Not currently active: Hubble needs to switch backups once again
Like NASA Announced, NASA standard spacecraft computer-1 (NSSC-1) system developed in the 1980s was discovered to have failed on June 13. The payload system integrates all the scientific systems on the Hubble board, so it is essential for the work of the telescope. “After Sunday’s interruption, the main computer no longer has a” hold “signal, a steady handshake between the payload and the spacecraft’s main system, indicating that everything is OK, the developers said.
If this signal is not received, the master system automatically converts all scientific systems to safe mode configuration. Staff in charge of the control center at NASA’s Goddard Space Airport in Green Belt, Maryland, tried a tried and tested tactic on Monday, June 14: Restart the computer. However, it was found that the problem could not be solved at this time.

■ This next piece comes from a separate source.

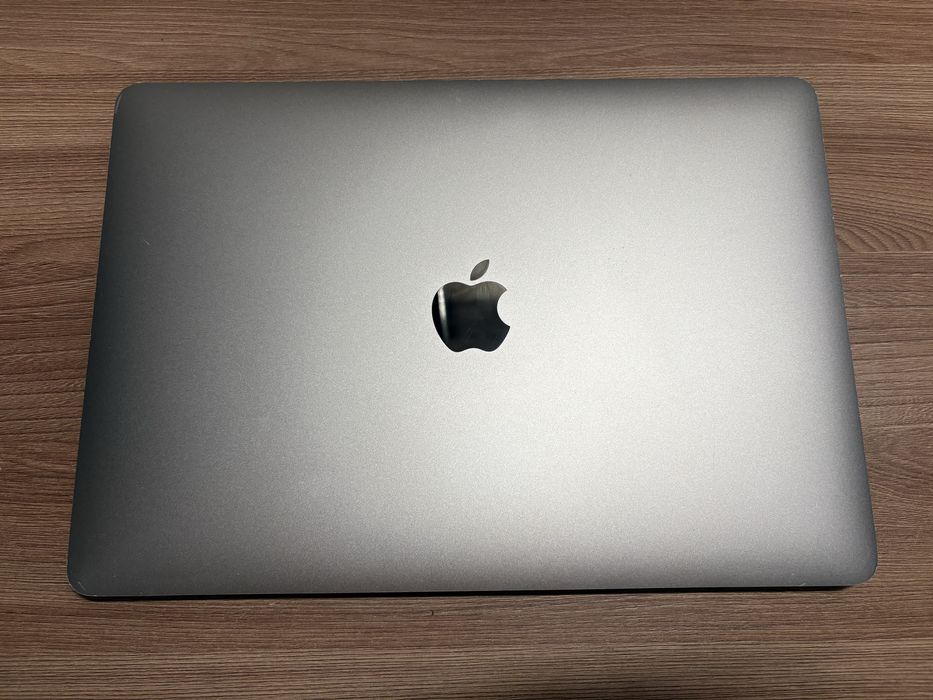 Apple MacBook Pro 13 touchbar 82% retina 8/256 a1706 core i5 ноутбук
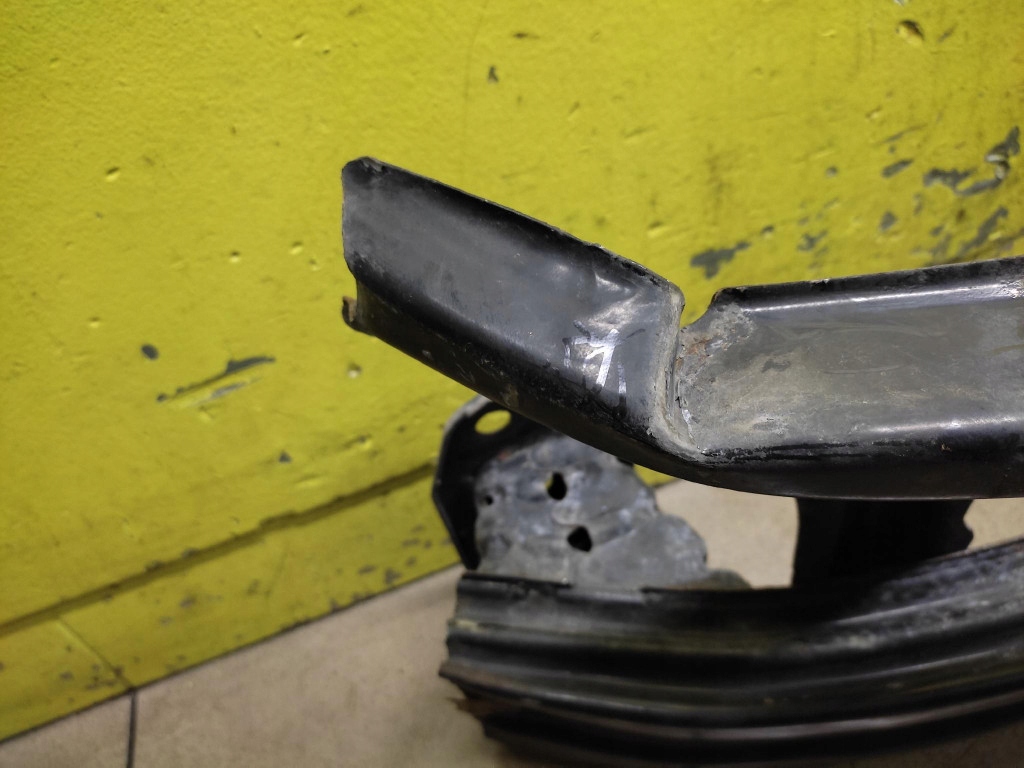 FIAT BRAVO II 1.6 D support panel for radiators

The problem is in the memory module
Subsequent analysis gives an indication that Hubble’s current problem can be searched for a memory module. But this again shows that designers predicted such scenarios decades ago: “The module has different levels of redundancy, which can be changed if necessary to serve as the primary system”. Precisely because of this connection Hubble should now be back to normal.
It is always interesting to see how the Hubble team eliminates complex issues for good product and creative solutions from designers. The increasing number of strokes reporting Hubble problems also makes it clear that the space telescope is moving more and more towards final shutdown.